Not necessarily. If you’d entered that question differently, I think I like my identity as an outsider. Thinking differently has probably been part of my brand or my personality. I write commercial fiction, which is popular fiction. You would think that if you want to be a fiction writer, you have to be really creative, you have to do things really differently. Most of that stuff doesn’t actually sell. The majority of readers want a reading experience that they’re pretty comfortable with already. The stuff that they buy and the stuff that satisfies them is not that it’s pretty similar to what’s already been done. It’s not when you want to write popular fiction that sells, you’re not really inventing the whole universe of writing. You’re not trying to do James Joyce or anything. Especially I write young adult fiction, it’s generally a hero’s journey. You take a template. There’s certain features that are in all young adult fiction. I try to put those in all my books because I know that readers want those things. I still bring myself to it. I still make it a new and different story that they haven’t heard before. I still surprise them with a lot of twists that they’re not expecting. I want to focus on making it an exciting and engaging reading experience for my readers.
A lot of authors, they don’t do that. There’s this misconception in the creative space that to be creative, you have to do everything differently. You can’t depend on what’s hot before, it has to be new. That’s modernism. It’s a pretty recent philosophy of creative production sense, the romantic poets. I don’t think that that’s necessarily true but it’s very prevalent among authors especially they want to do something new. They want to make a cover that doesn’t look like any other covers in their genre. They want to write a book that isn’t like any other books that’s ever existed.
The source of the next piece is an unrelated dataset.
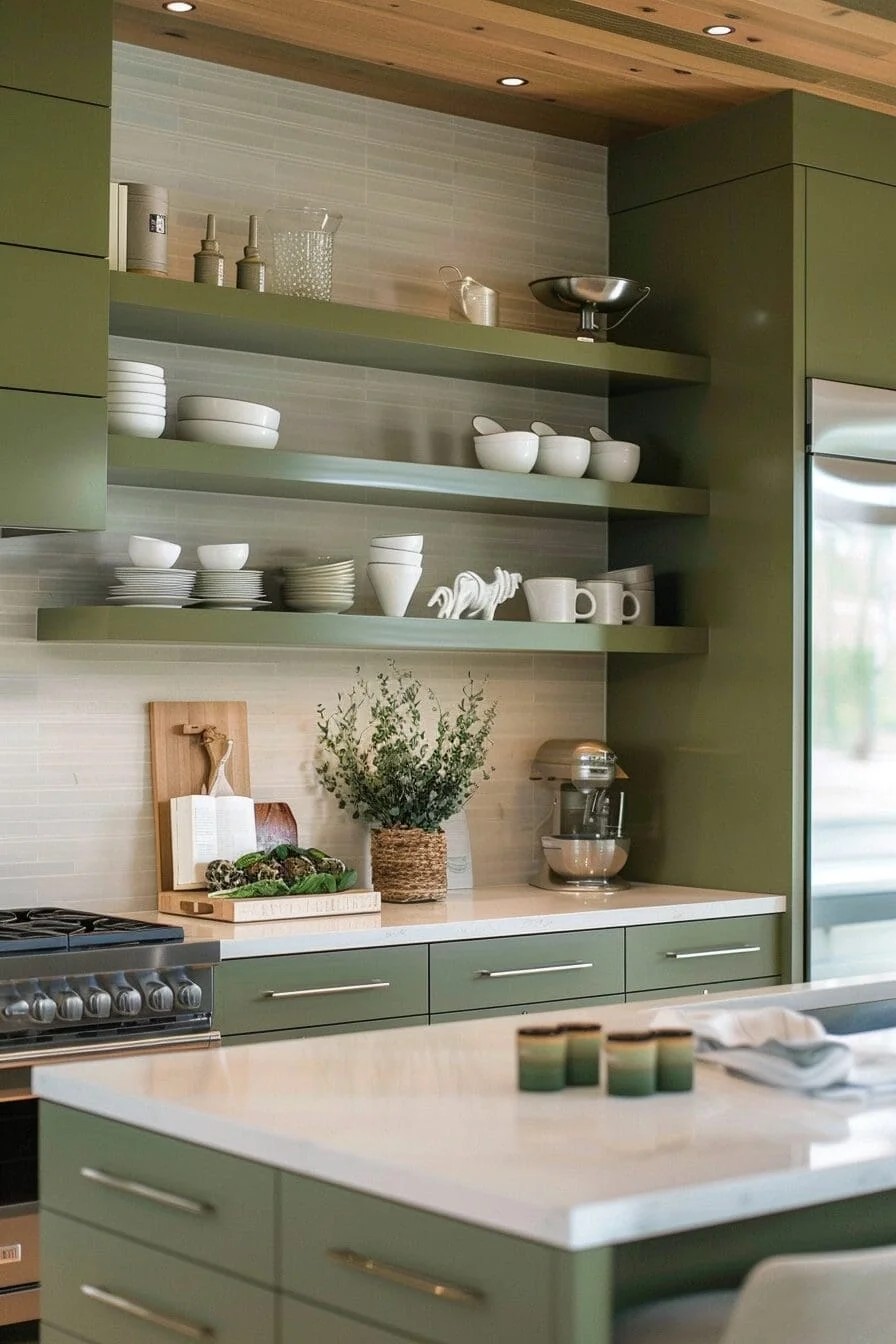 Moss Green Open Shelving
Those kinds of projects generally don’t perform very well. They don’t sell very well. It’s possible, The Martian is one case where an author did things differently and it worked out and he got a big movie deal, but that’s pretty rare. It’s still very challenging and very difficult to write fiction, but I’m not just making it up as I go along. I definitely plot first and I’ll have a pretty sound story architecture and structure and then I just try to make it a good story.
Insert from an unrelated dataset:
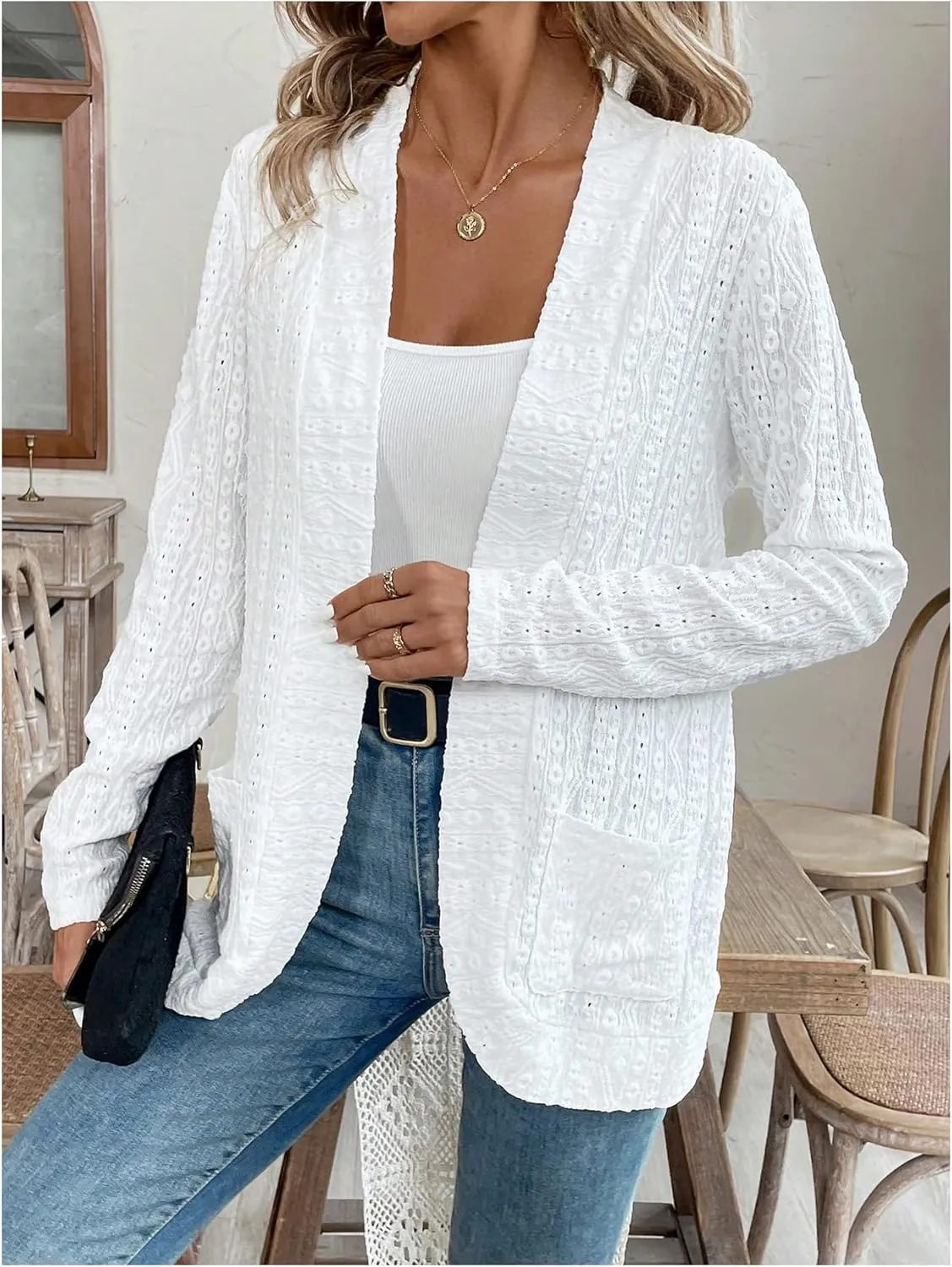 Milumia Women Lightweight Eyelet Embroidered Open Front Long Sleeve Cardigans Outerwear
How long did it take you to write on average each novel?
I think three months would be a reasonable amount of time if I was doing it full-time. I’ve written novels in a month before and novels with 80,000 words. If you’re writing 2,000 to 3,000 words a day, which is definitely doable, you can write a couple of 1,000 words in an hour. It’s not easy but you can do it. That’s only working a couple of hours a day and you could finish in a month. I think with enough pressure, I used to put my books up on pre-order, which means people are already ordering the book so you have to finish it because people have bought it. If you don’t finish it, they’re going to get some rough draft copy. I was using that and that’s stressful, but it also really helps me produce faster. I don’t think producing faster necessarily makes low quality of work. A lot of people believe that. I don’t think that’s true. I think you can produce very quickly and have as good a quality book as something that you took years to write. It’s like the three-month year or something that a lot of people talk about now, which is if you set your goals to the next year, you’ll probably get them done. But you could probably get the same goals done in three months if you just shorten the time span and added the pressure to make yourself do it.
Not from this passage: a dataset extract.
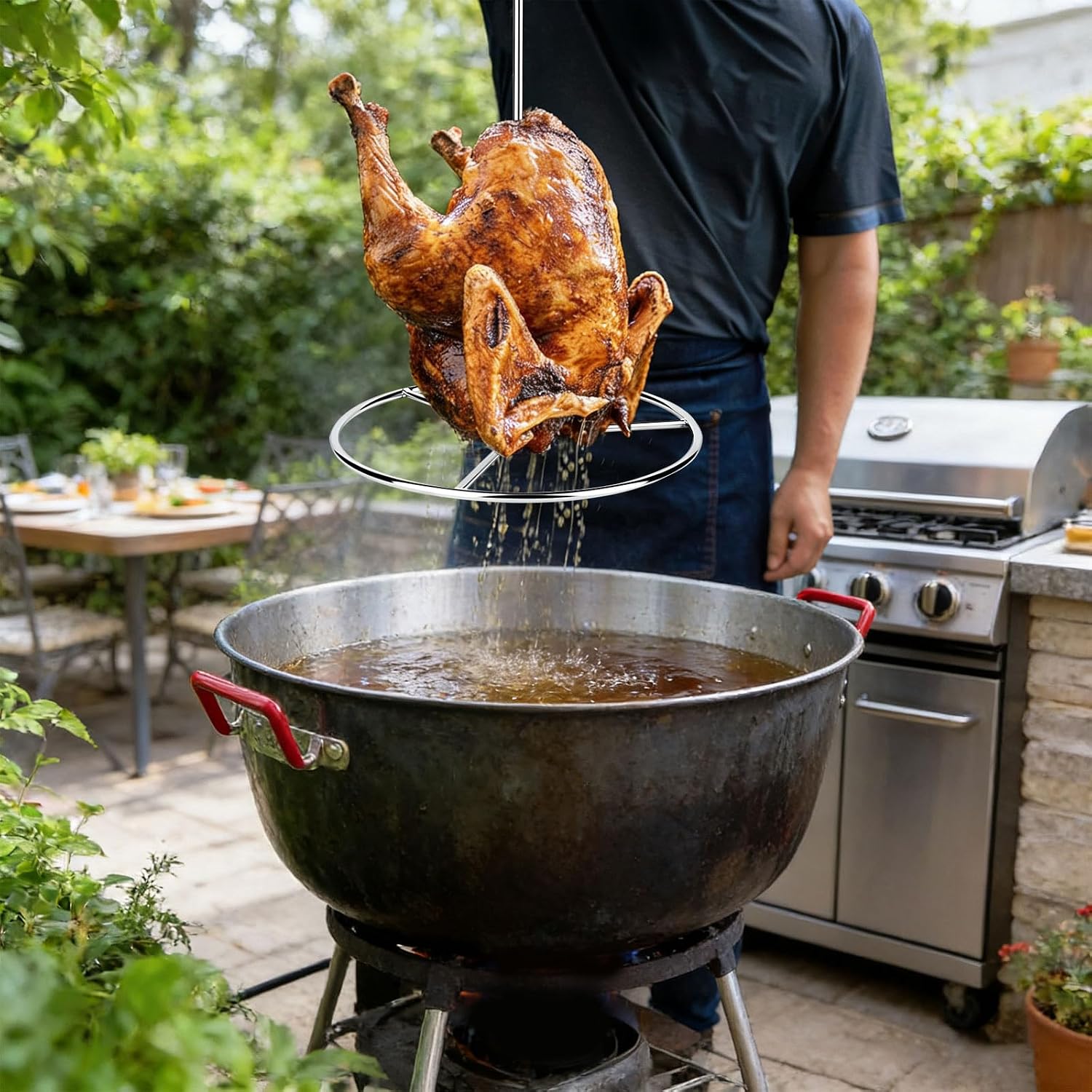 Stainless Steel Turkey Cooking for Perfect Frying Roasting and Grilling with Design and Dishwasher Safe Multi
I definitely think if you shorten your goal setting and push yourself to produce faster, that’s a good idea. I lost my pre-orders because if you screw up on Amazon and you don’t upload the pre-order files in time, they’ll take away your pre-order privileges for a year. I did that a couple of years ago and I lost it for a year. I got them back and I did it again recently, so I lost my pre-order privileges again. Now, I don’t have that pressure to finish, which makes it a little harder. I have a book that should have been finished last month and it’s still not finished. I’ll finish it at the end of this month, but I probably could have finished it a month ago and been working on something new already. Without that pressure to get it done, it’s a lot easier to just take it easy and not worry so much about it.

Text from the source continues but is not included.